Kristin Eyfells Filled Canvases With Colorful, Radiant Portraits
July 22, 2002|By Jon Steinman, Sentinel Staff Writer
With her oils and pastels, Kristin Eyfells had that uncanny way of turning a blank canvas into an explosion of personality. A native of western Iceland who came to Central Florida by way of San Francisco, Eyfells became one of Central Florida’s artistic lights.
Shows of her works dazzled art lovers in Orlando, Tampa and Northern California. Eyfells, 84, died Saturday. She had suffered a stroke in 1999, and according to her husband, Johann Eyfells, “It had been downhill ever since.”

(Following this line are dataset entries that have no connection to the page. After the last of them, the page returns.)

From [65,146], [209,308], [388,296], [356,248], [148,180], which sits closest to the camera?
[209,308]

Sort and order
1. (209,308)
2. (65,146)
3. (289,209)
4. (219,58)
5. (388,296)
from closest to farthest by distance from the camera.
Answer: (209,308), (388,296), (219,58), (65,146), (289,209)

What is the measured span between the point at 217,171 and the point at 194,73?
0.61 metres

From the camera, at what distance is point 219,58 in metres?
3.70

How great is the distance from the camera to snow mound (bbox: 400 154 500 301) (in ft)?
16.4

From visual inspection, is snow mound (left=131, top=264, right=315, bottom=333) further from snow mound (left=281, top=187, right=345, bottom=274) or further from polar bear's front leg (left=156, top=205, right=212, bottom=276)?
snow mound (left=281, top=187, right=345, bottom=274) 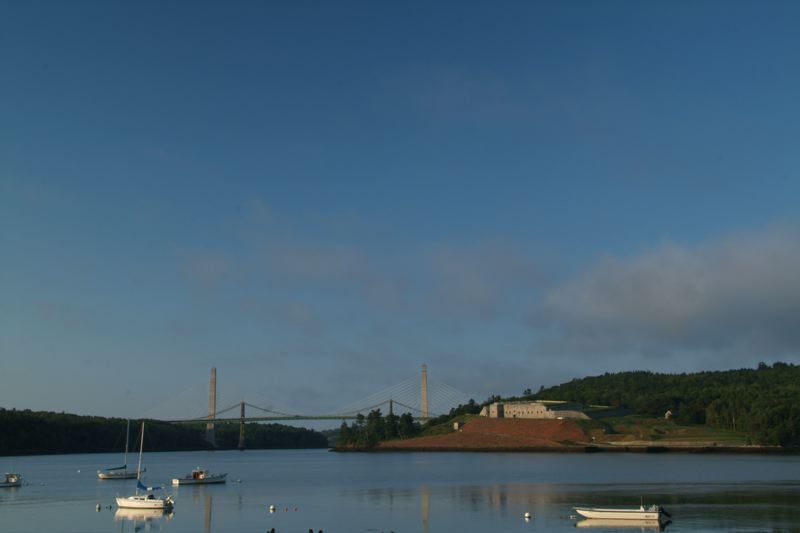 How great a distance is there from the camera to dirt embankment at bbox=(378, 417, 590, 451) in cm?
12338

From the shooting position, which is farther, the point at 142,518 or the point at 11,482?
the point at 11,482

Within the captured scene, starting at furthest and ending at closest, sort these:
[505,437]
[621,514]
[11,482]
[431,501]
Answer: [505,437], [11,482], [431,501], [621,514]

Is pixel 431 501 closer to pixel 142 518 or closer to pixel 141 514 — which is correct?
pixel 142 518

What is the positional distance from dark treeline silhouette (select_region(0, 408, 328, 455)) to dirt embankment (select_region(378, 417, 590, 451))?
4804cm

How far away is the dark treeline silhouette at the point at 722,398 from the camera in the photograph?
106 metres

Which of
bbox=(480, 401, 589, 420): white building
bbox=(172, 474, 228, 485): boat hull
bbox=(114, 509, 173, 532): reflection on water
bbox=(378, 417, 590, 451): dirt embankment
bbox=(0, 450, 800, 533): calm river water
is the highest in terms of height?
bbox=(480, 401, 589, 420): white building

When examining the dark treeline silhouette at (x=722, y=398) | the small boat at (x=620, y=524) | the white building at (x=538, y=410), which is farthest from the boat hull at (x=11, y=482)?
the white building at (x=538, y=410)

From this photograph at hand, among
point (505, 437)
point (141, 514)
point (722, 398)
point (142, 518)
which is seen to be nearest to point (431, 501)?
point (142, 518)

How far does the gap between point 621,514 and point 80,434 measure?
12451 cm

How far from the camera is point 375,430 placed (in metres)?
154

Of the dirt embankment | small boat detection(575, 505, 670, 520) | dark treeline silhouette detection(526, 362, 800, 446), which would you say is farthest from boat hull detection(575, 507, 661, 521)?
the dirt embankment

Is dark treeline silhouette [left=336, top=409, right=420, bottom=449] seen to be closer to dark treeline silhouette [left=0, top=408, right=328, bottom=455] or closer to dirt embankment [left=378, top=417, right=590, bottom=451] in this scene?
dirt embankment [left=378, top=417, right=590, bottom=451]

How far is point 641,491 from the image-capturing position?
48.0 meters

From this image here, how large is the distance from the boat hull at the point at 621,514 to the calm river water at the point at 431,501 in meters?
0.97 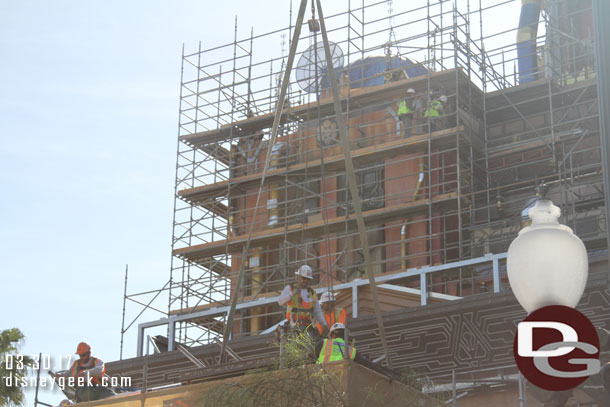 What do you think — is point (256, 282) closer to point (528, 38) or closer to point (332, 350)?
point (528, 38)

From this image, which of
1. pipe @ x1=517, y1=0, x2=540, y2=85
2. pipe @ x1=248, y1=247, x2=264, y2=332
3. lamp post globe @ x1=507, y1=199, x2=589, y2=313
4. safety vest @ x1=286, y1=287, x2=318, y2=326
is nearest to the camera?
lamp post globe @ x1=507, y1=199, x2=589, y2=313

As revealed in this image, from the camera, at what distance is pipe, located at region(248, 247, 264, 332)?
107 feet

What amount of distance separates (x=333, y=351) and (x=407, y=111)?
2017 centimetres

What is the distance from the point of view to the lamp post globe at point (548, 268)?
4871mm

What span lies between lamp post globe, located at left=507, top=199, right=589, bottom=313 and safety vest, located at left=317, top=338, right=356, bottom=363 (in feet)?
24.1

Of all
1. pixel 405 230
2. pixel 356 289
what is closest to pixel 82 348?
pixel 356 289

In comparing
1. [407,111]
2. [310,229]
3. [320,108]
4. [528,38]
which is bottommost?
[310,229]

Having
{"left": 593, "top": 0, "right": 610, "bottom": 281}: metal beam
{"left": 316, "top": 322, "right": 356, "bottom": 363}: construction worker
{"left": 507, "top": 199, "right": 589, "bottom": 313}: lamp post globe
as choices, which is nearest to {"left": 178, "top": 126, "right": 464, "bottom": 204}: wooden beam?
{"left": 316, "top": 322, "right": 356, "bottom": 363}: construction worker

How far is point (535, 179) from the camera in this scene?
98.4ft

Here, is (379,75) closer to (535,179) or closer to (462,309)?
(535,179)

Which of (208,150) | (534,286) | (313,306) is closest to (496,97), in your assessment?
(208,150)

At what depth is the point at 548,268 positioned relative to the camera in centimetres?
490

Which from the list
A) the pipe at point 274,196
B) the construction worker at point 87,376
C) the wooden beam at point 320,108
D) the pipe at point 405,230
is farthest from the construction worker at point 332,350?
the pipe at point 274,196

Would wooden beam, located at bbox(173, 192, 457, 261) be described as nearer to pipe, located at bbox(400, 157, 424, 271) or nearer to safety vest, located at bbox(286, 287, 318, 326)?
pipe, located at bbox(400, 157, 424, 271) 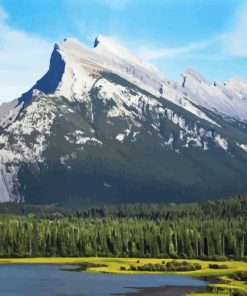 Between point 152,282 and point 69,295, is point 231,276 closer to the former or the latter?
point 152,282

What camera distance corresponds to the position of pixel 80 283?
177 meters

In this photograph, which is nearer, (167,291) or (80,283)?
(167,291)

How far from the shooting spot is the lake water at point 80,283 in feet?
519

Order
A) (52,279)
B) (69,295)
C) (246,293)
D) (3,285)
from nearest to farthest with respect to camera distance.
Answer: (246,293) → (69,295) → (3,285) → (52,279)

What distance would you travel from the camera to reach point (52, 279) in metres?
190

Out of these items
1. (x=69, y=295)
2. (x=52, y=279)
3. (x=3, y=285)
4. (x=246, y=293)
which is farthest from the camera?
(x=52, y=279)

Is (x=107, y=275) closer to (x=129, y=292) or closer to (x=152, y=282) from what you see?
(x=152, y=282)

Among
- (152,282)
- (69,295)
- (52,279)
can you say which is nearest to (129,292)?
(69,295)

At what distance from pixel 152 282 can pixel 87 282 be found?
16860mm

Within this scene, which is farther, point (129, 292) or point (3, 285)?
point (3, 285)

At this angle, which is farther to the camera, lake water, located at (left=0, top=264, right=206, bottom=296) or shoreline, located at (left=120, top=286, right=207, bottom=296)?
lake water, located at (left=0, top=264, right=206, bottom=296)

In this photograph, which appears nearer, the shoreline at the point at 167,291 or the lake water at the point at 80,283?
the shoreline at the point at 167,291

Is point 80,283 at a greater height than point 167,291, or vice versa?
point 80,283

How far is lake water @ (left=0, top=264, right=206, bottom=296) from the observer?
158 m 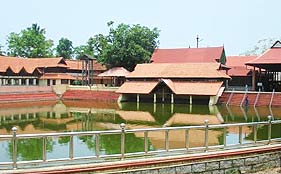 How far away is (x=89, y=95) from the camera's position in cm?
4231

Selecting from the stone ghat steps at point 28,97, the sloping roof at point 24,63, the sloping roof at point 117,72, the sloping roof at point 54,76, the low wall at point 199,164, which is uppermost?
the sloping roof at point 24,63

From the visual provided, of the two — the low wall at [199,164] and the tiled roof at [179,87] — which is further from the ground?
the tiled roof at [179,87]

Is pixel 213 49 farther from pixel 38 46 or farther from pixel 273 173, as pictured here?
pixel 273 173

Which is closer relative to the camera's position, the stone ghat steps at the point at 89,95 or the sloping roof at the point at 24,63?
the stone ghat steps at the point at 89,95

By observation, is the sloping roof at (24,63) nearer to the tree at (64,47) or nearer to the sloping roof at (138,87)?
the sloping roof at (138,87)

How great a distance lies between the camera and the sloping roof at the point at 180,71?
3753 centimetres

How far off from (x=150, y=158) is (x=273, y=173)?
304 centimetres

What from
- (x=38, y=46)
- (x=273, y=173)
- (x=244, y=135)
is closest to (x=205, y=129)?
(x=244, y=135)

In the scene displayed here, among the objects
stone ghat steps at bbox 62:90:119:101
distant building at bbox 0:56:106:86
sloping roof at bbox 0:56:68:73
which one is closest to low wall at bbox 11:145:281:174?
stone ghat steps at bbox 62:90:119:101

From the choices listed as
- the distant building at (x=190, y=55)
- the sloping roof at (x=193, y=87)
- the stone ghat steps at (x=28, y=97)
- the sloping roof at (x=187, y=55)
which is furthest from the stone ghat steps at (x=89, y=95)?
the sloping roof at (x=187, y=55)

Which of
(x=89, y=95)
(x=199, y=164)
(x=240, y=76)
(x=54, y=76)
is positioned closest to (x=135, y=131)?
(x=199, y=164)

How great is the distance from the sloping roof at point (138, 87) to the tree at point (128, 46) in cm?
906

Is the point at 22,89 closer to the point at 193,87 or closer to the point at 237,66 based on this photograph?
the point at 193,87

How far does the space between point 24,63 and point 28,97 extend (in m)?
9.30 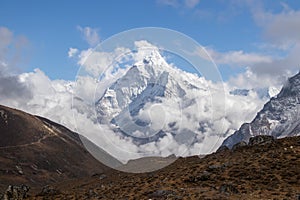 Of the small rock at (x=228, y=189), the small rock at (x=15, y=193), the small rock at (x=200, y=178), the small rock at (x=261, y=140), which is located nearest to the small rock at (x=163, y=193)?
the small rock at (x=228, y=189)

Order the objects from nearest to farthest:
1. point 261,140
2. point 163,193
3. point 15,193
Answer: point 163,193, point 15,193, point 261,140

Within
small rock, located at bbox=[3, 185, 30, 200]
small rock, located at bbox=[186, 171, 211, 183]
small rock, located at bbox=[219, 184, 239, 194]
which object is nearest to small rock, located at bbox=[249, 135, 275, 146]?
small rock, located at bbox=[186, 171, 211, 183]

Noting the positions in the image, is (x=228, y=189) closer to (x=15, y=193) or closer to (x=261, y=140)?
(x=261, y=140)

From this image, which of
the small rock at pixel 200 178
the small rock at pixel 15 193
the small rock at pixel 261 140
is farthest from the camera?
the small rock at pixel 261 140

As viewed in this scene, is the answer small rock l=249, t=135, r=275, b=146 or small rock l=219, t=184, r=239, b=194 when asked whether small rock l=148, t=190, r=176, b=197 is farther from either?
small rock l=249, t=135, r=275, b=146

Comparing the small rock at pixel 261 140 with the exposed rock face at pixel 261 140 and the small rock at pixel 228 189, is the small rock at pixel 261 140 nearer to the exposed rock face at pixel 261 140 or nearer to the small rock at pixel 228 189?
the exposed rock face at pixel 261 140

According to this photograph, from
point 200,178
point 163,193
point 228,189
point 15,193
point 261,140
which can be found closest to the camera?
point 228,189

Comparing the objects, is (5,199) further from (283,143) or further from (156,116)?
(283,143)

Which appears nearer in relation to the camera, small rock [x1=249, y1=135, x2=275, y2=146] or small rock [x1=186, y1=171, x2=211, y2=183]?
small rock [x1=186, y1=171, x2=211, y2=183]

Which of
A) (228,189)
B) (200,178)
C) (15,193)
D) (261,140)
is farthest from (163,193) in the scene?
(261,140)

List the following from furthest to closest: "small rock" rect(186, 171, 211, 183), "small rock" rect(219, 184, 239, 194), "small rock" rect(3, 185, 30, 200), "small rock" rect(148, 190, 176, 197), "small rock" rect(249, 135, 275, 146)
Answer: "small rock" rect(249, 135, 275, 146) → "small rock" rect(3, 185, 30, 200) → "small rock" rect(186, 171, 211, 183) → "small rock" rect(148, 190, 176, 197) → "small rock" rect(219, 184, 239, 194)

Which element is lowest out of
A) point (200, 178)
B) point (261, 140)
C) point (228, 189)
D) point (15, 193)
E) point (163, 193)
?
point (228, 189) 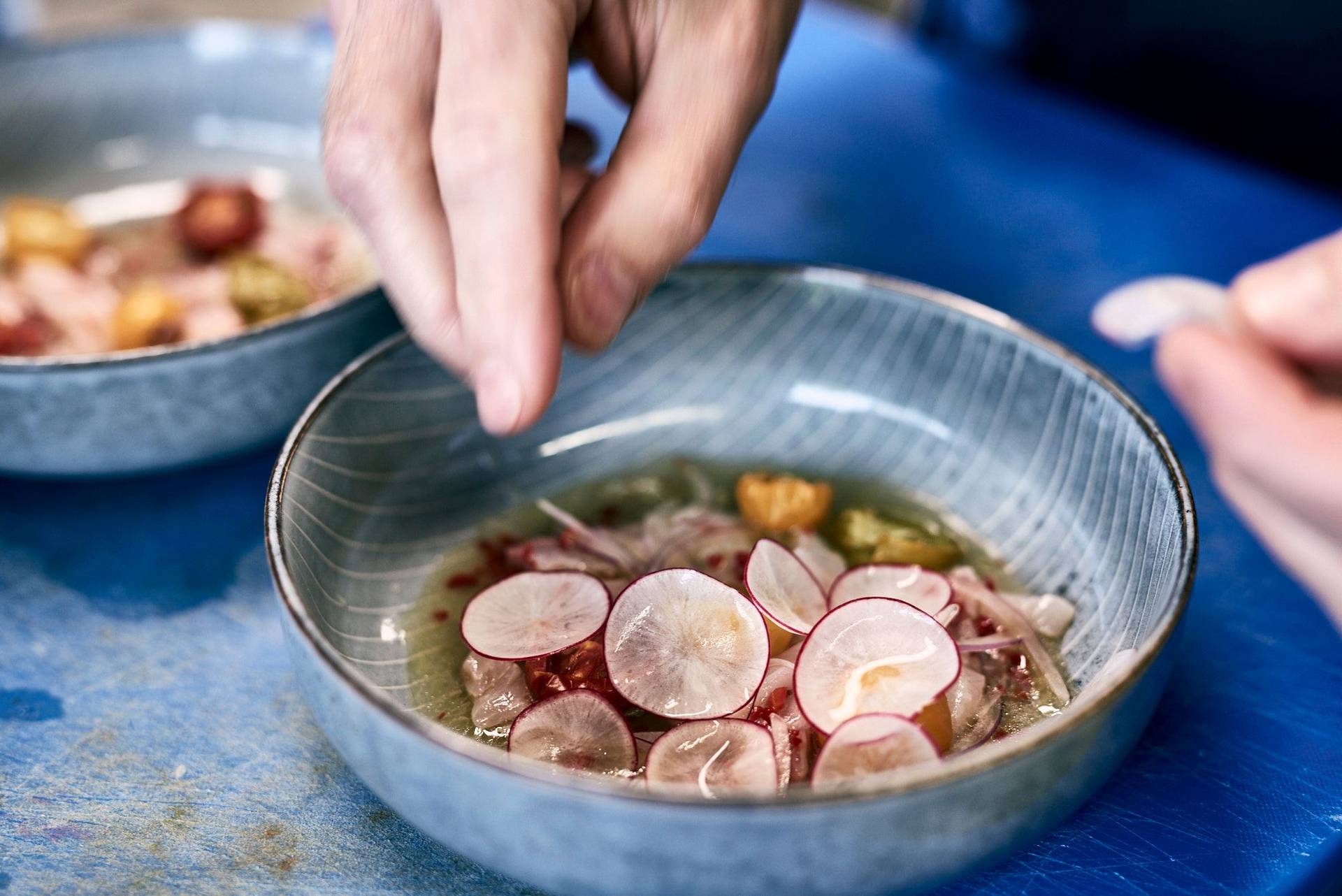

Her artistic legacy, however, endures — and not just in her Oviedo home, where countless canvases brimming with her talent are on display. Fascinated by the face and its potential to convey character and meaning, Kristin Eyfells’ faces radiated. While many of her faces were those of the famous and important, not all were. In 1994, a monumental visage by Eyfells dominated The Warehouse Gallery’s “Women at Work” show. In a 1994 review of her work, an Orlando Sentinel correspondent wrote that, “Kristin creates in each of her works an individualized compromise between the abstract and the organic.”
Realistic and playful might be another way to describe her paintings, which captured her subjects with a photographer’s clarity even as she danced around the natural order of things. Colors exploded unexpectedly, and in surprising places: country crooner George Jones’ chin, photographer Ansel Adams’ eyelids. The Eyfells, husband and wife, sculptor and painter, even staged shows together. They lived and breathed art through 53 years of marriage.
“We met in Berkeley, where I was a student,” said Johann Eyfells, 79, a retired University of Central Florida art professor who helped create UCF’s art department. “She was a student in fashion-design school. We married, and after we decided to move to Florida to complete our studies. The weather was the main factor. I am a sculptor, and I enjoy working in the outdoors.”
Kristin Eyfells earned a degree in psychology from the University of Florida before the couple relocated to the Orlando area. And, according to her husband, it transformed her work. “She really concentrated on faces,” he said. “I’m sure she was interested in capturing the character, the invisible energy of the subject.”
Kristin Eyfells produced much of her work out of the couple’s home. And while he was the teacher in the family, she also made time to teach as well at the Maitland Art Center, Johann Eyfells said.
The couple had no children, and their relatives all remain in Iceland, Johann Eyfells said. Baldwin-Fairchild Funeral Home, Goldenrod Chapel, is handling arrangements.